COLLECTED DATA –
● ● ● ● ● ● ●
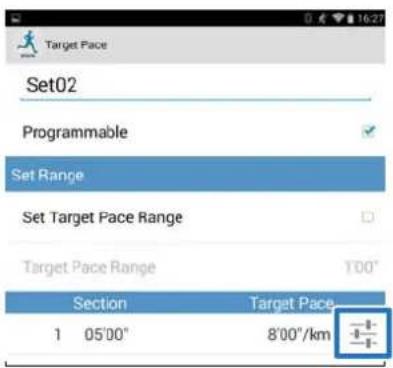 Target Pace Set02 Programmable Set Range Set Target Pace Range Target Pace Range 1'00" Section Target Pace 1 05'00" 8'00"/km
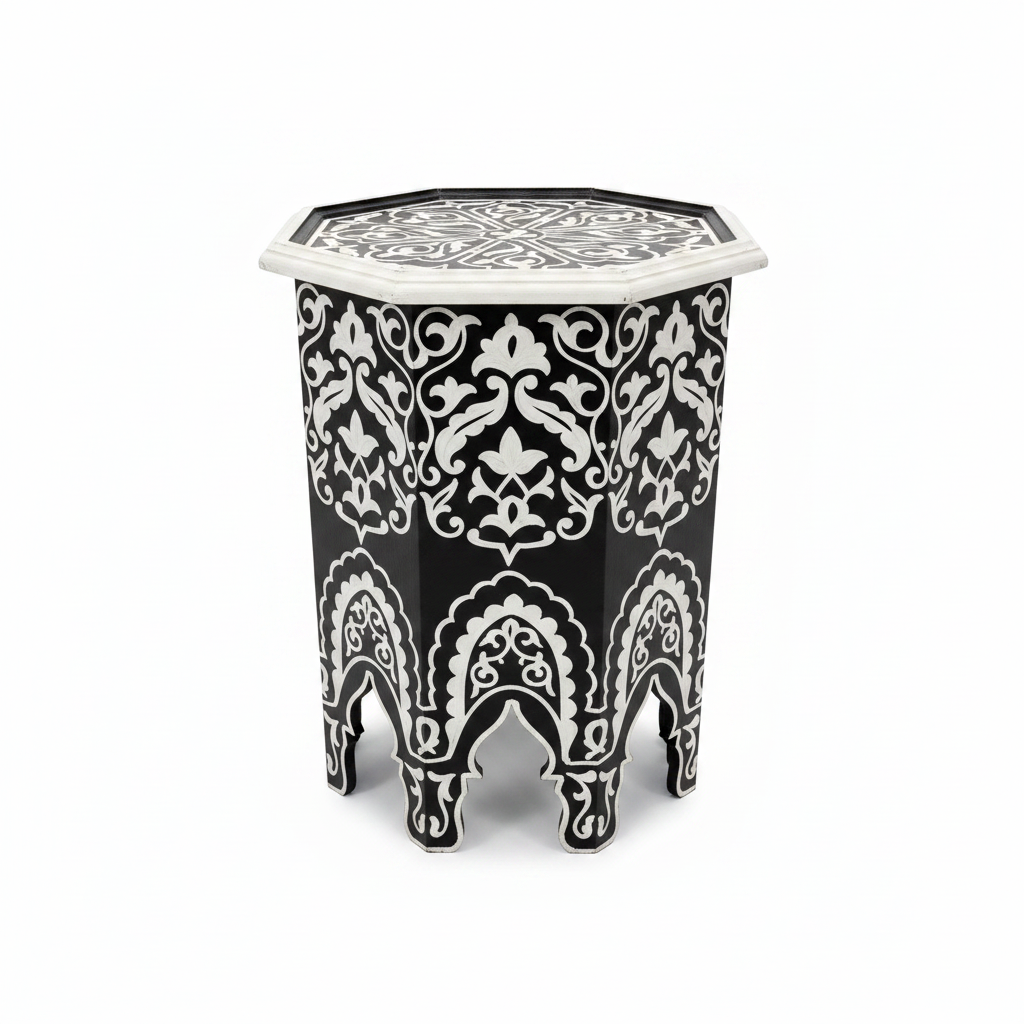 Mesa auxiliar octogonal marroquí negra arabescos blancos fondo blanco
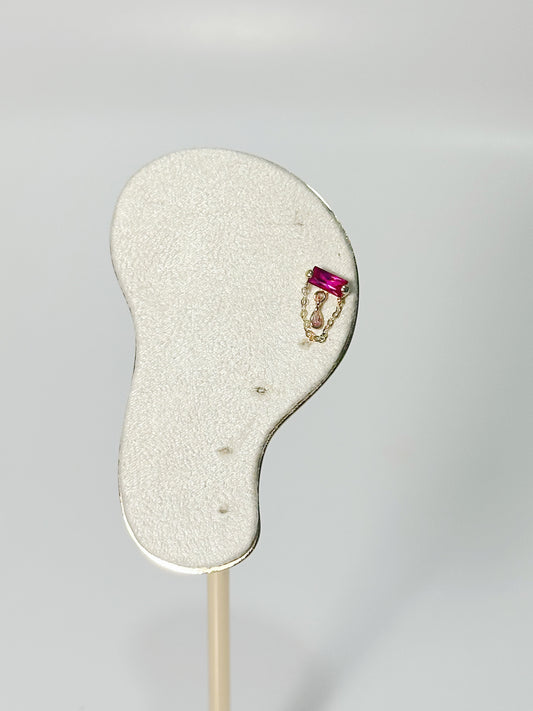 Piercing Pushback Zirconia Clear Rectangular con Zirconia Colgante Cadena, Oro 14kt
● ● ● ● ● ● ●
WHAT TO PRODUCE – Return each line of the data, keeping its wording exact and omitting pictures.

COMPLETED EXERCISE –
 Target Pace Set02 Programmable Set Range Set Target Pace Range Target Pace Range 1'00" Section Target Pace 1 05'00" 8'00"/km
 Mesa auxiliar octogonal marroquí negra arabescos blancos fondo blanco
 Piercing Pushback Zirconia Clear Rectangular con Zirconia Colgante Cadena, Oro 14kt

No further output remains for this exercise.